Osmanlı
Devleti’nin 34. Padişahı, İslam Âleminin 113. Halifesi olan Sultan Abdülhamit, 22 Eylül 1842 tarihinde doğmuş, 10 Şubat 1918
tarihinde vefat etmiştir. 33 yıl süren
padişahlığı döneminde Osmanlı’nın en çok tartışılan padişahlarından biri
olmuştur. Sultan Abdülhamit, kimilerine göre “Kızıl Sultan”, kimilerine göre ise “Ulu Hakan”dır. Bir kesime göre devletin “şefkatli yüzü”,
diğer kesime göre “baskıcı” ve “istibdatçı”…
Sultan
Abdülhamit, Filistin topraklarının tamamını arazı-i şahane (padişahın şahsi
arazisi) ilan ederek, Filistin’de Yahudilere toprak satışını yasaklamış; kendisine
bağlı bir orduyu da Filistin’de görevlendirmiştir. Dönemin şartları göz önünde bulundurulduğunda,
yürüttüğü politikalarla “dengeli siyasetin” mimarı olarak
anılmaktadır.
Dergâh
Yayınları tarafından yayınlanan “Sultan Abdülhamit
Siyasî Hatıratım” kitabının önsüzünde: “Sultan
Abdülhamid'in bu hatıratını ilk defa Türk yayın hayatına kazandırmakla
bahtiyarlık duyuyoruz. Henüz aydınlığa kavuşmamış olan yakın tarihimizin bazı
ihtilâflı noktalarının çözümü için bu eserin yardımcı olacağına inanıyoruz.

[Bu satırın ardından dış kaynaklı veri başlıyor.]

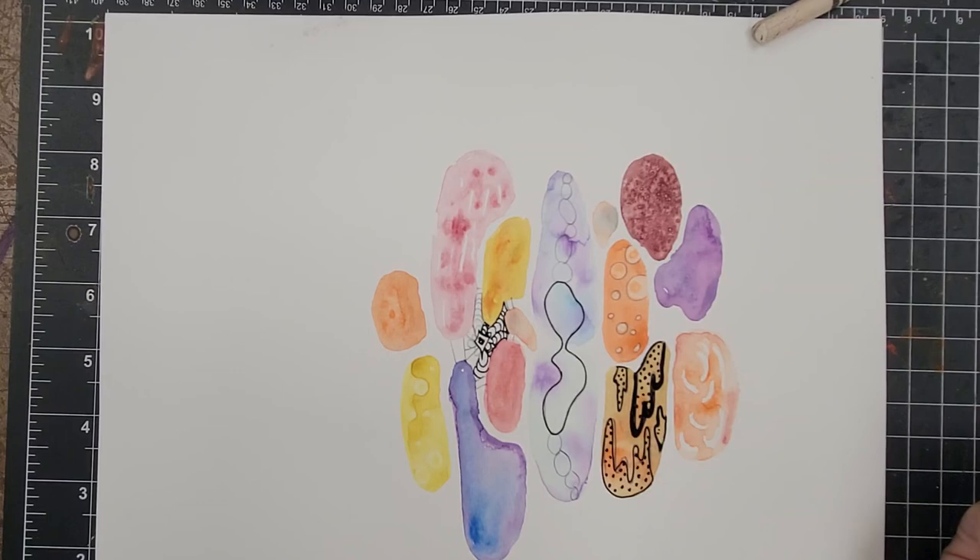And then you're all done once you're done.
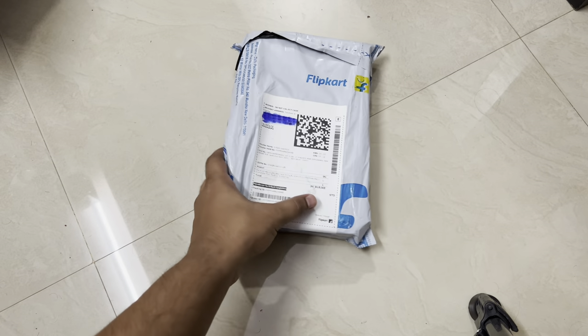Hey guys, welcome back to my channel, welcome back to Tapshi Tech and Reviews. Today it's another unboxing video — unboxing a little package which I ordered from Flipkart. It's a soldering kit with different kinds of soldering tools available inside. Without wasting any time, let's get into the video and see what's exactly inside the package.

Böylelikle bu eser, yakın tarihle
ilgilenen araştırmacılara rehberlik edecek ve daha objektif değerlendirmelere
yol açacak bir kaynak eser olacaktır. Hatıratı kendi bütünlüğü içinde eksiltme
ve kısaltma yapmadan konularına göre beş bölüme ayırdık. Eserin iyice anlaşılmasına
yardımcı olmak amacı ile bu devrin fikrî ve siyasî olaylarına ait bazı
bilgiler vermeyi de gerekli buluyoruz. Ayrıca Abdülhamit
hakkında iyi veya kötü bir takım şartlanmalar içinde bocalayan kimselerin
düşüncelerinde yeni ufuklar açacağını ümit ediyoruz” denilmekte.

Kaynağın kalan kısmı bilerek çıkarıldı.